Exercise instructions => Word for word, restate the data that follows, omitting the images.
Dataset section Block Start
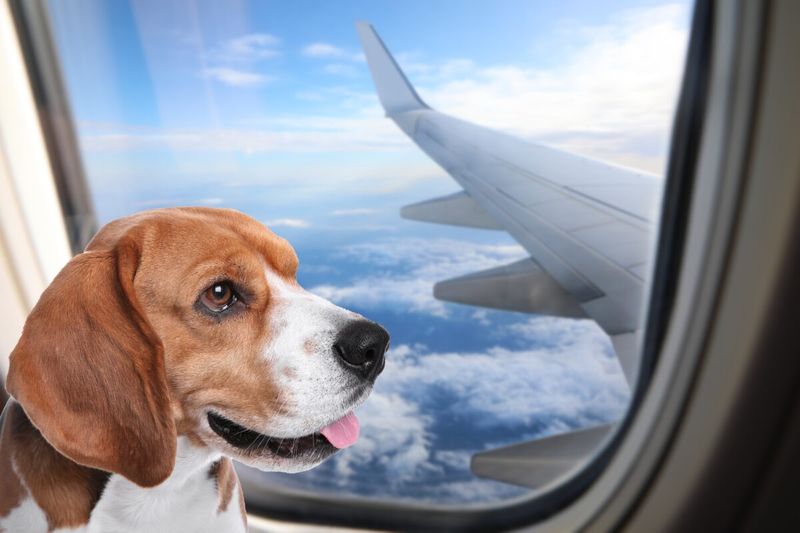 Frequent Traveler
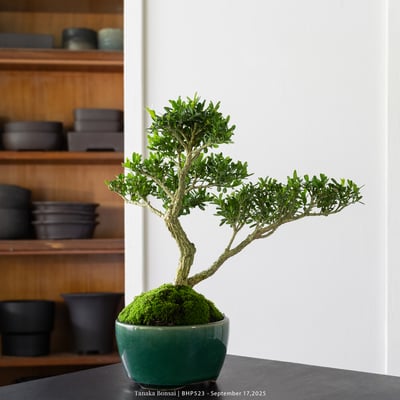 雀舌黃楊｜BHP5234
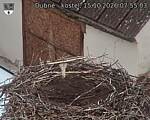 Capi_Dubne_20261015_075503.jpg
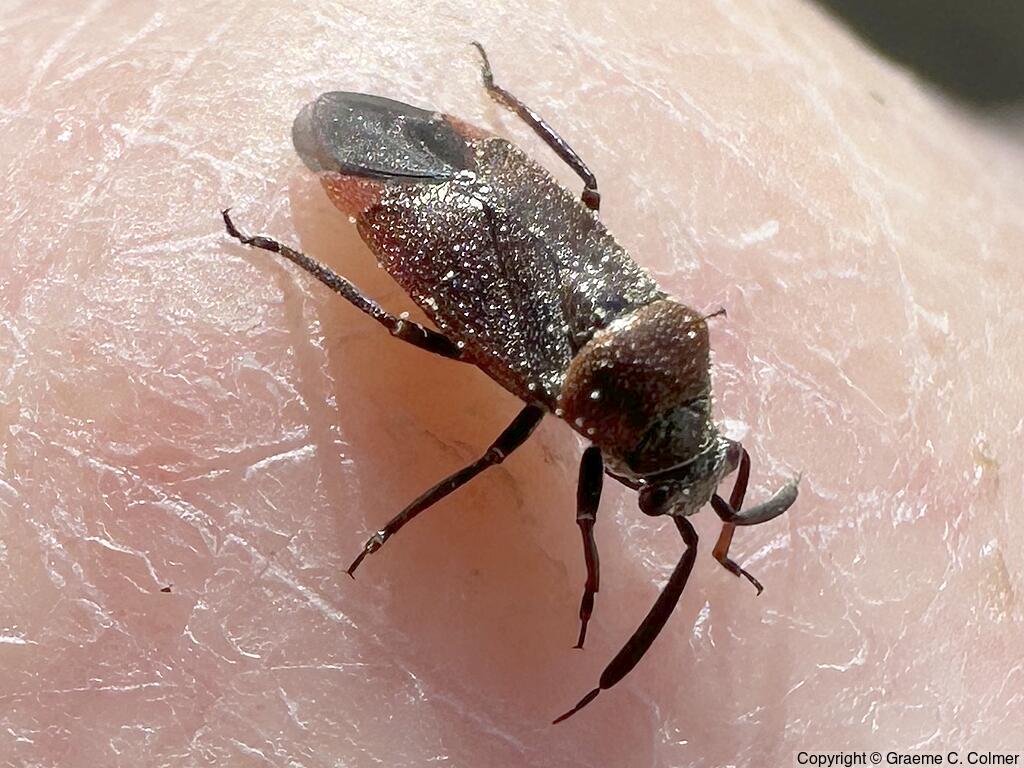 Small Milkweed Bug (Lygaeus kalmii) - Adult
Dataset section Block End
Result below =>
 Frequent Traveler
 雀舌黃楊｜BHP5234
 Capi_Dubne_20261015_075503.jpg
 Small Milkweed Bug (Lygaeus kalmii) - Adult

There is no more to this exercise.